"""
Importing and processing data from QuickControl.
================================================
"""

# %%
# Quickcontrol is a software from Phasetech to control and record data from
# time-resolved measurements. The software saves the data in a folder containing
# several files

import numpy as np
from skultrafast.quickcontrol import QC2DSpec
from skultrafast import plot_helpers
from skultrafast.data_io import get_twodim_dataset

# %%
# The following line returns a path to a folder containing the sample data. If
# necessary, it will try downloading the data from the internet.

p = get_twodim_dataset()

# %%
# Lets look at the content of the folder. For measurements with quickcontrol, we
# are looking for `.info` files which contain all necessary information.

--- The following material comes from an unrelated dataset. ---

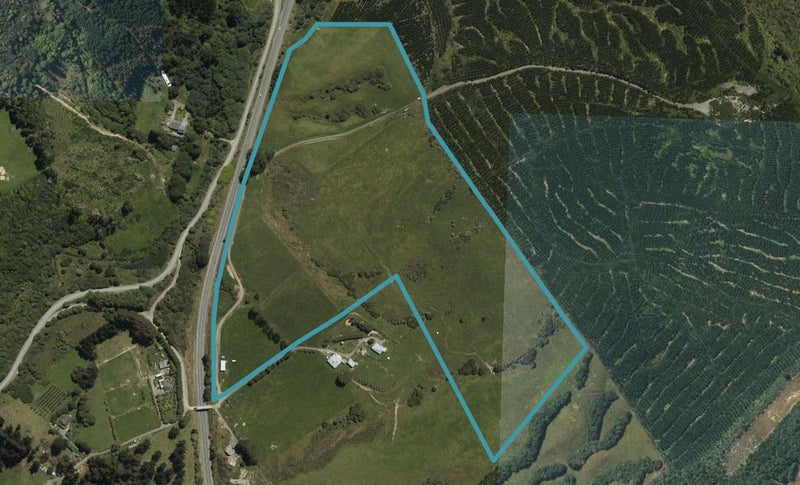 304 Leith Valley Road, Leith Valley, Dunedin - Carousel 1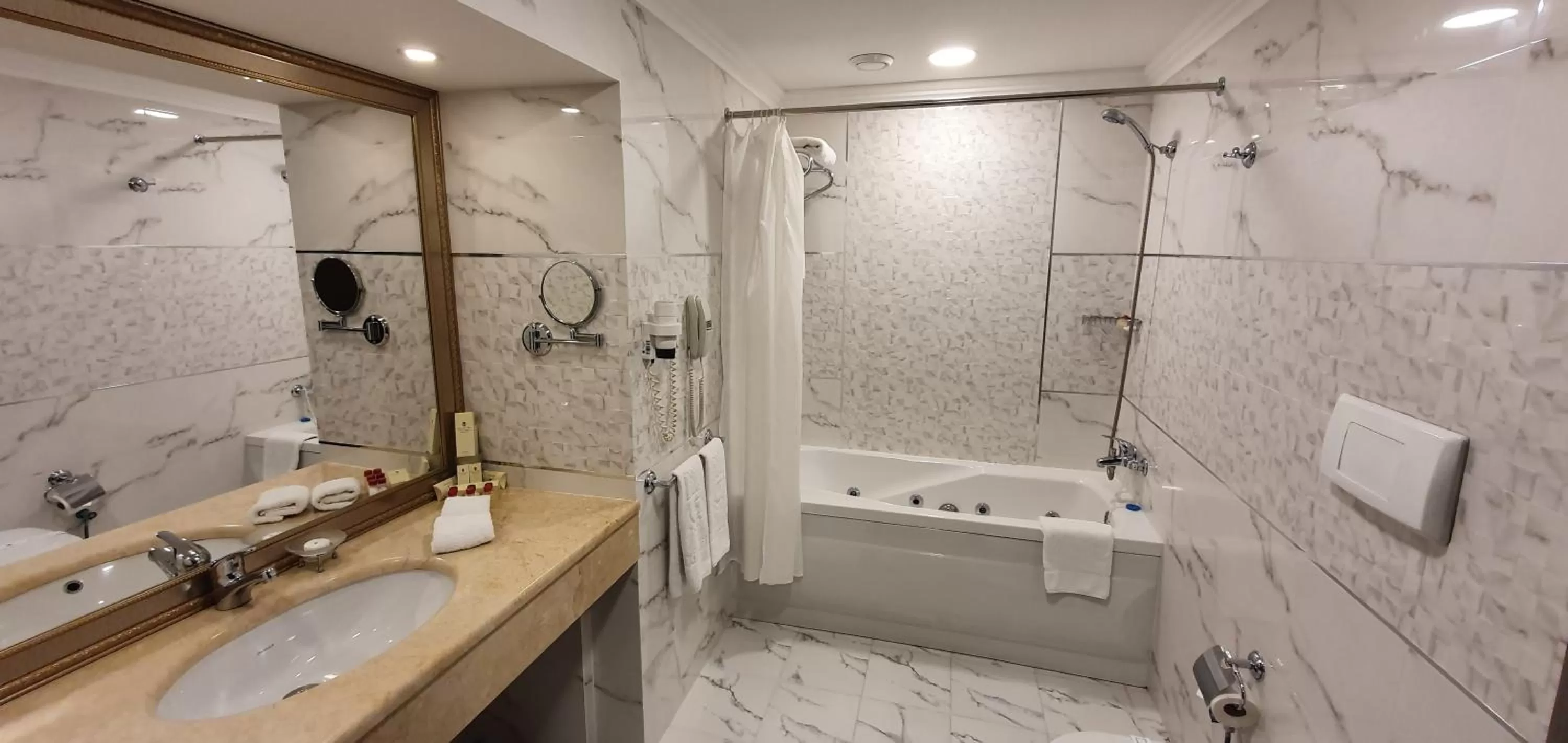 Bathroom in Grand Mir Hotel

infos = list(p.glob('*.info'))
infos

# There are two `.info`-files the directory. The first, index 319, contains the
# transient 1D-data and the second (320) the transient 2D-data. Here in this
# tutorial, we will work with the 2D data. Therefore we select the second file
# and open it by instancing an `QC2DSpec`-class. Given the info-file, the class
# collects all necessary data from the folder. It is also responsible to turn
# the saved data, which are still inferogramms, into 2D-spectra. This process
# also includes some preprocessing. Below we we apply 2 times upsampling of pump
# axis and use 10 pixel left and right to estimate and subtract an background
# before taking the FFT. For apodization, we are use the default hamming window.

plot_helpers.enable_style()

data2d_info_path = list(p.glob('*#320.info'))[0]
qc_file = QC2DSpec(data2d_info_path, upsampling=4,
                   probe_filter=1)

# %%
# To create a dataset to work with form the raw data, we call the `make_ds`
# method. The method returns a dict of `TwoDim` objects to work with, containing
# parallel (`para`), perpendicular (`perp`) and isotropic (`iso`) datasets. We
# select the isotropic dataset.

ds_all = qc_file.make_ds()
ds_iso = ds_all['iso']
ds_iso.background_correction((2100, 2200), deg=1)
ds_iso.pump_wn *= 2162.5 / 2159.35  # correct pump calibration

# %%
# One method to check if the polarization is correct is to plot 1D-spectra at
# a early delay. The parallel spectrum should have a stronger signal.
# The following plot shows the 1D-spectra at 0.5 ps delay.

ds_all['para'].integrate_pump().plot.spec(0.5, add_legend=True)
ds_all['perp'].integrate_pump().plot.spec(0.5, add_legend=True)

# %%
ds_iso.spec2d = ds_iso.spec2d.astype(np.float16)
ds_iso.save_numpy("2D_example.npz")
# %%
ds2 = ds_iso.copy()
ds2.spec2d = ds_iso.spec2d.astype(np.float16)
# %%
ds2.select_range((2100, 2200), (2100, 2200)).plot.contour(0.1)
ds_iso.select_range((2100, 2200), (2100, 2200)).plot.contour(0.1)
# %%